Would Bernie Sanders Vote for Jesus? By Jim Denison
President Trump has nominated Russell Vought as deputy director of the White House Office of Management and Budget. Last year, Vought wrote a blog post in which he stated, “Muslims do not simply have a deficient theology. They do not know God because they have rejected Jesus Christ his Son, and they stand condemned.”
Senator and former presidential candidate Bernie Sanders is opposing Vought’s nomination, calling his blog post “indefensible.” In Sanders’s view, “It is hateful. It is Islamophobic. And it is an insult to over a billion Muslims throughout the world.” He then stated, “This nominee is really not someone who is what this country is supposed to be about.”
Southern Baptist ethicist Russell Moore rightly notes that Sanders completely ignores Article VI of the US Constitution, which states, “No religious Test shall ever be required as a Qualification to any Office or public Trust under the United States.” Sanders has no right to oppose Vought’s nomination on the basis of the candidate’s personal religious beliefs. The senator’s position is clearly unconstitutional.
Here’s another reason Sanders’s opposition is so significant: by his standard, Jesus could not serve in American public office. Our Lord said of himself, “Whoever believes in him is not condemned, but whoever does not believe is condemned already, because he has not believed in the name of the only Son of God” (John 3:18). Muslims, while they consider Jesus to be a great prophet, emphatically deny that he is the Son of God: “Jesus was no more than a mortal whom Allah favored and made an example to the Israelites” (Qur’an 43:59).
So Jesus would agree with Russell Vought that Muslims “stand condemned.” Would Bernie Sanders vote against Jesus for public office?
Andrew Bacevich’s fascinating recent article in Commonweal describes our culture well: “Anything that enlarges choice is commendable,” while “anything that inhibits choice calls for critical examination.” From abortion to euthanasia, personal freedom reigns supreme. Claiming that a religion or moral position is objectively wrong violates our oxymoronic commitment to subjective truth.
As a result, we can expect Christians who stand for objective biblical truth to face increasing opposition in American life.
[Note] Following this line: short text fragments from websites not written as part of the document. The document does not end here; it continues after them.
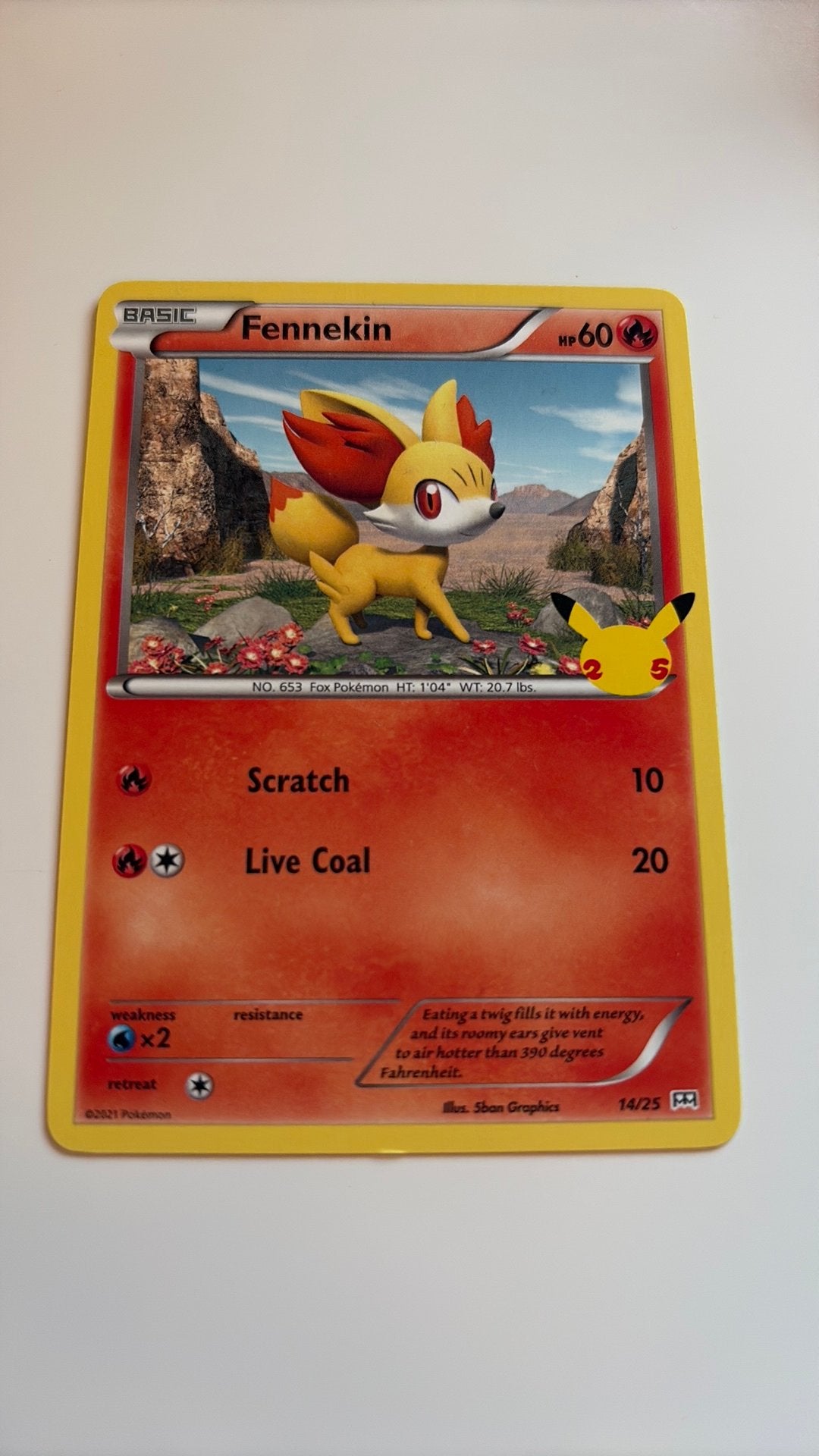 Fennekin pokémon kaart, Ophalen, Zo goed als nieuw
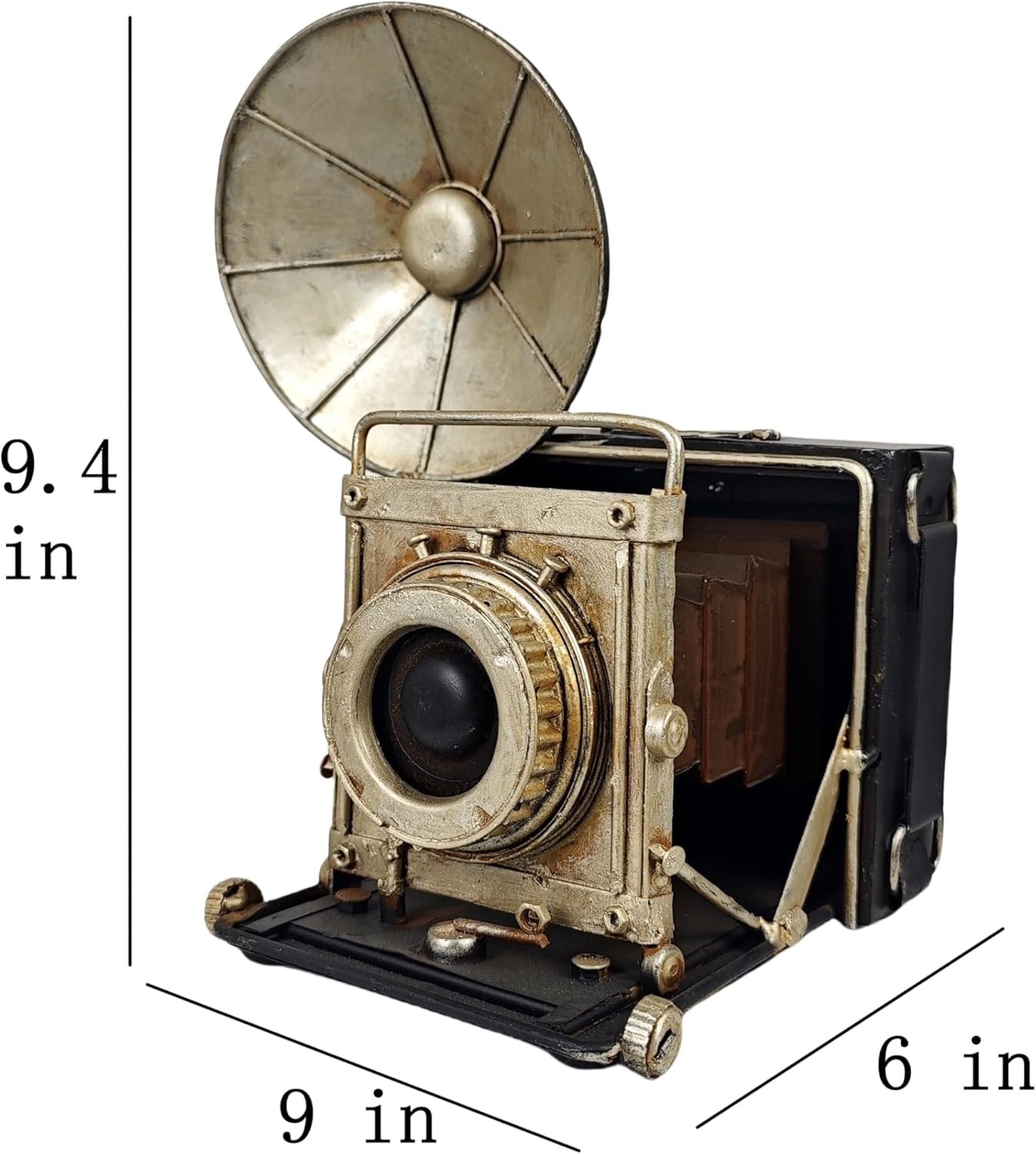 Vintage Camera Statue Model Showcase Decorative Props Showcase Camera Crafts Collectible Figurine Home Desktop Decoration - Image 5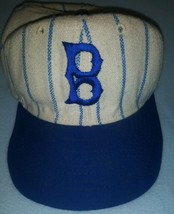 Vintage Brooklyn Dodgers Pinstripe Made In The Usa Hat ⚾  Mlb - $69.29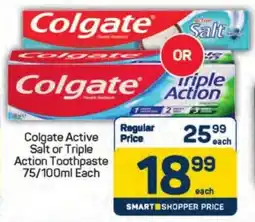 Pick n Pay Hypermarket Colgate Active Salt or Triple Action Toothpaste offer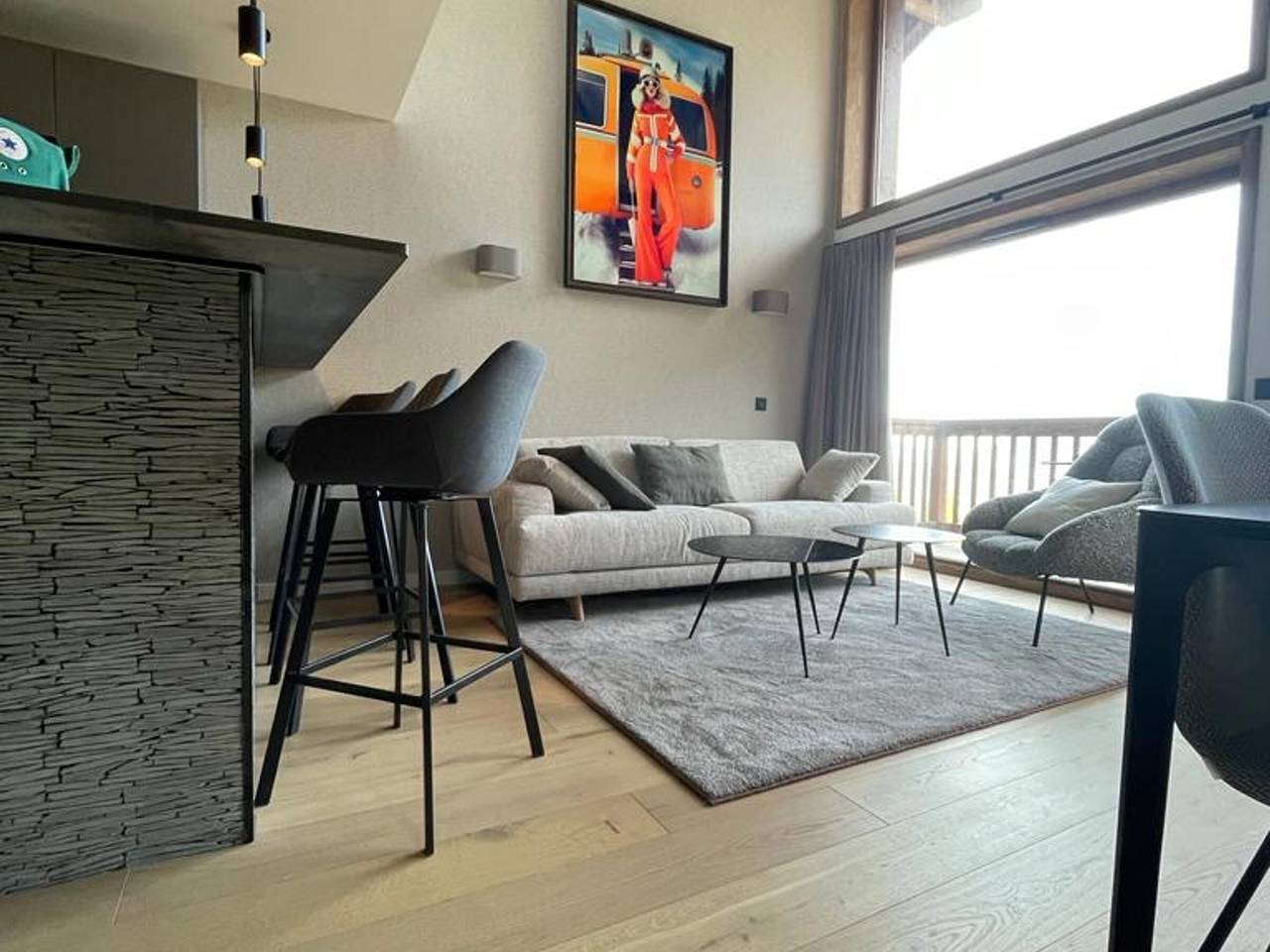 Entire apartment, Méribel Mottaret - 3-bedroom apartment, 6 guests, parking, terrace, ski-in/ski-out in Méribel-Mottaret, Les Allues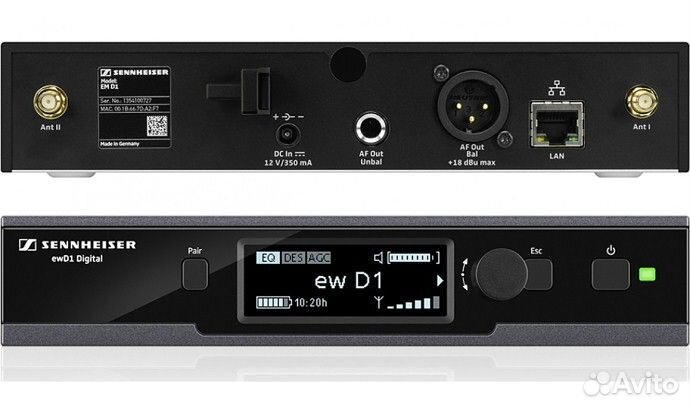 Цифровая беспроводная радиосистема (микрофон) senn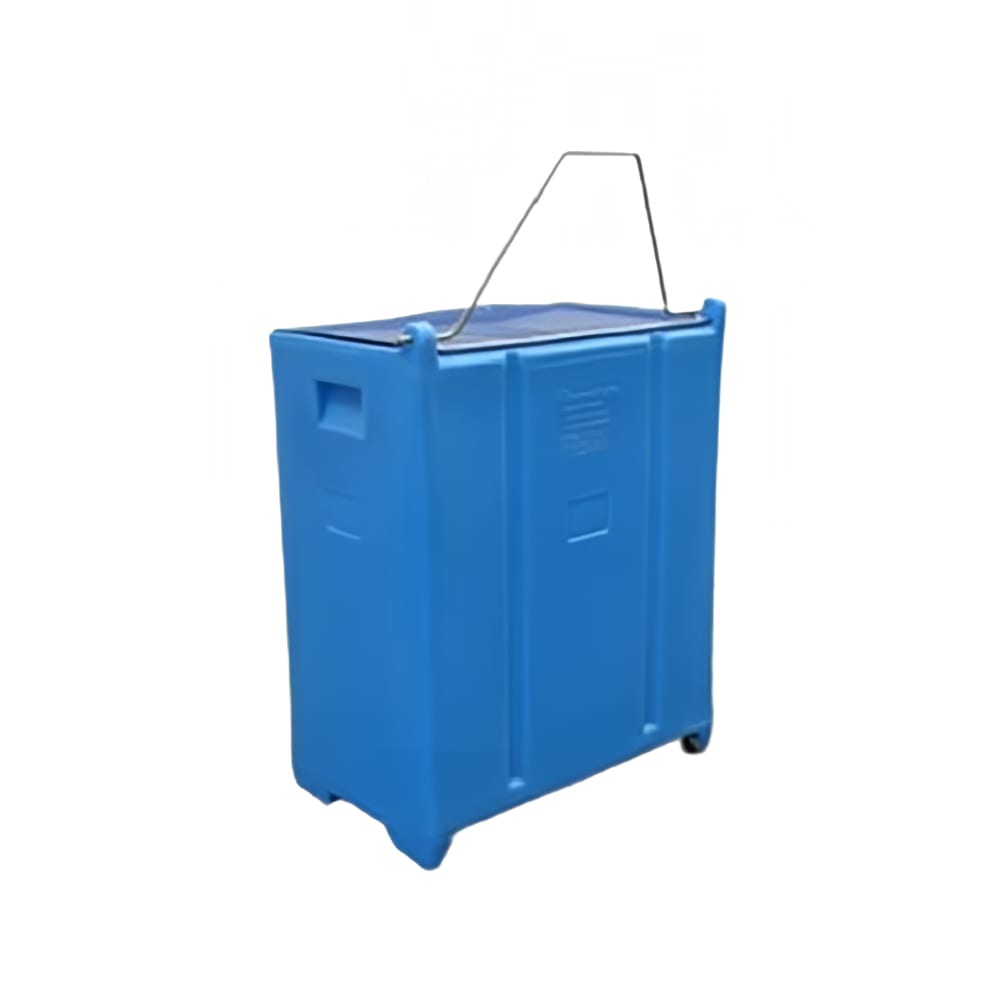 621-HR04PC Insulated Food Carrier - 26" x 16 1/2" x 33", Blue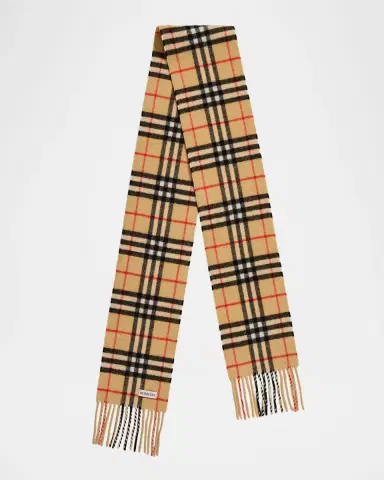 Burberry Check Cashmere Scarf | Thumbnail 5 Burberry Check Cashmere Scarf | Thumbnail 5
Pastor and professor James Emery White is right: “In current American culture, you are free to be a Christian as long as you don’t actually live out your faith, vote your faith, take a stand in relation to your faith, or believe others should embrace your faith.”
White cites a visit to the Vatican by British Cabinet Minister Baroness Warsi, who stated: “My fear today is that a militant secularization is taking hold of our societies . . . one of the most worrying aspects about this militant secularization is that at its core and in its instincts it is deeply intolerant. It demonstrates similar traits to totalitarian regimes—denying people the right to a religious identity. . . . You cannot extract Christian foundations from the evolution of our nations any more than you can erase the spires from our landscape.”
White concludes, “And before anyone says, ‘There’s another alarmist Christian right-winger for you,’ think again. Sayeeda Warsi is a Muslim.”
Peter said of Jesus, “There is no other name under heaven given among men by which we must be saved” (Acts 4:12). If you agree, will your witness match your theology today?